The process based definition of information differs in several respects from
Shannon’s model of information, to the extent that Shannon’s ideas about information
may be separated from those he had about communication. Shannon views
communication systems primarily as transmitting symbols between a source and a
destination. This is very different from the process model proposed above which
produces output from input, with no explicit attempt being made to encode or
represent something symbolically, or to be message based. Shannon notes that
his theory is “quite different from classical communication engineering theory
which deals with the devices employed but not with that which is communicated”
[Sha93a, p. 212]. Shannon’s focus clearly was on the message.

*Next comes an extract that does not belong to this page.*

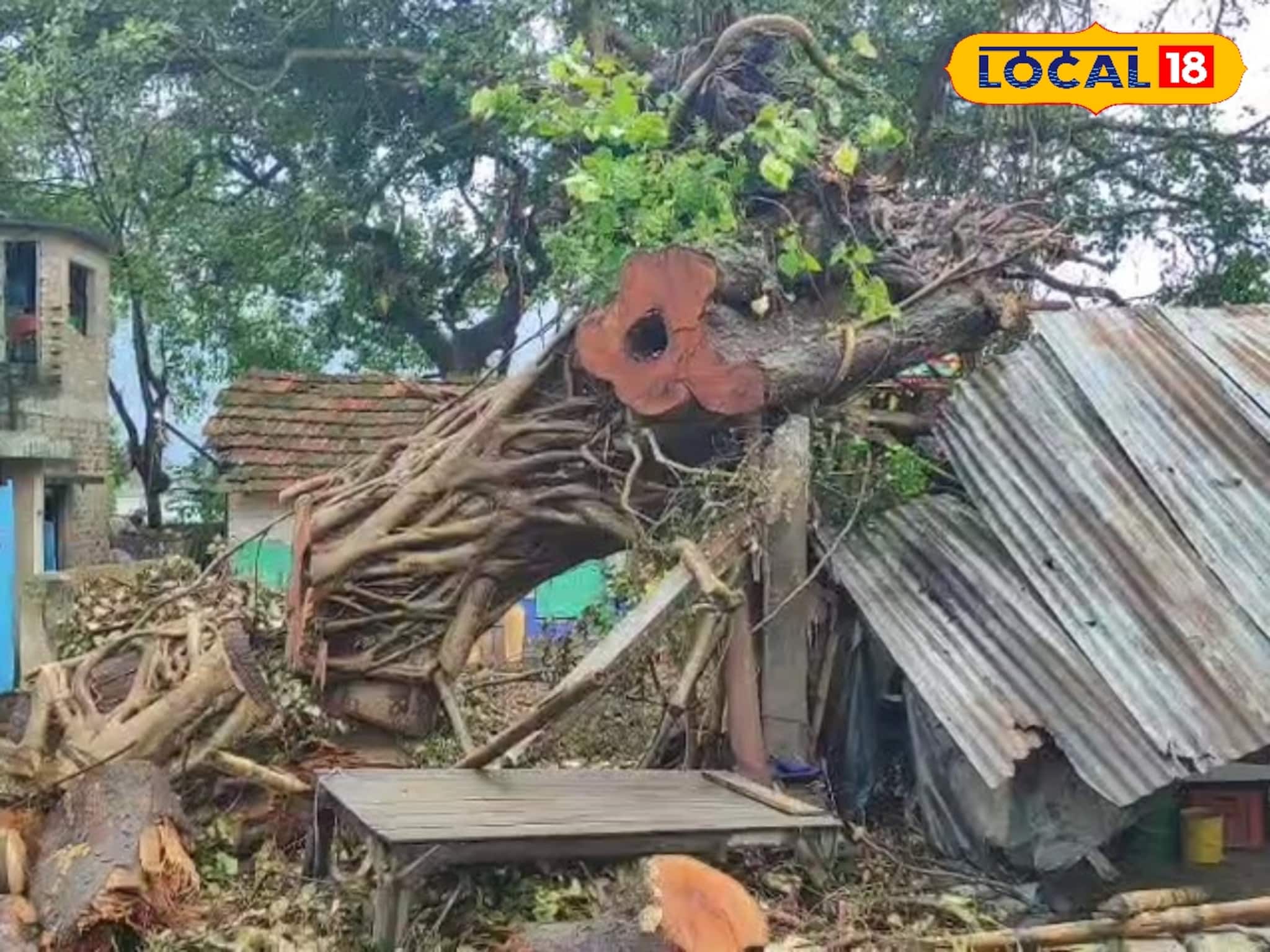 মাত্র কয়েক সেকেন্ডের টর্নেডোয় বিরাট ক্ষতি! টানা ৫ দিন বন্ধ চুঁচুড়ার শ্মশানঘাট, যা হচ্ছে..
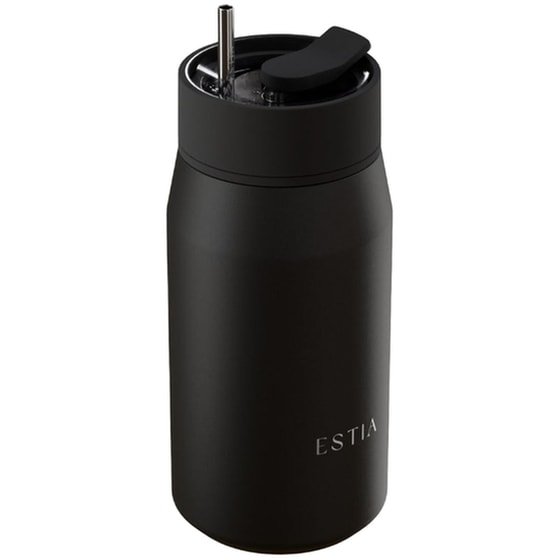Μπουκάλι Θερμός Estia Lens Save The Aegean Void με Καλαμάκι 360 ml image 2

Unlike Shannon’s model, the process model describes information as the outcome
of any process, not just an encoding process in a symbol based communication
system. The process model of information, for example, can be used to
describe an addition process that accepts two inputs and produces the sum (information)
at the output. This output is informative about the additive process and
the inputs. This notion of aboutness is similar to Devlin’s notion of a constraint
[Dev91]. While the addition process could be interpreted as encoding the input,
that is certainly not a very natural interpretation and is certainly not a required
interpretation if we wish to understand arithmetic sums. Similarly, the process
model of information measures the information at the output as proportional to
the number of possible states and their relative frequency in the output.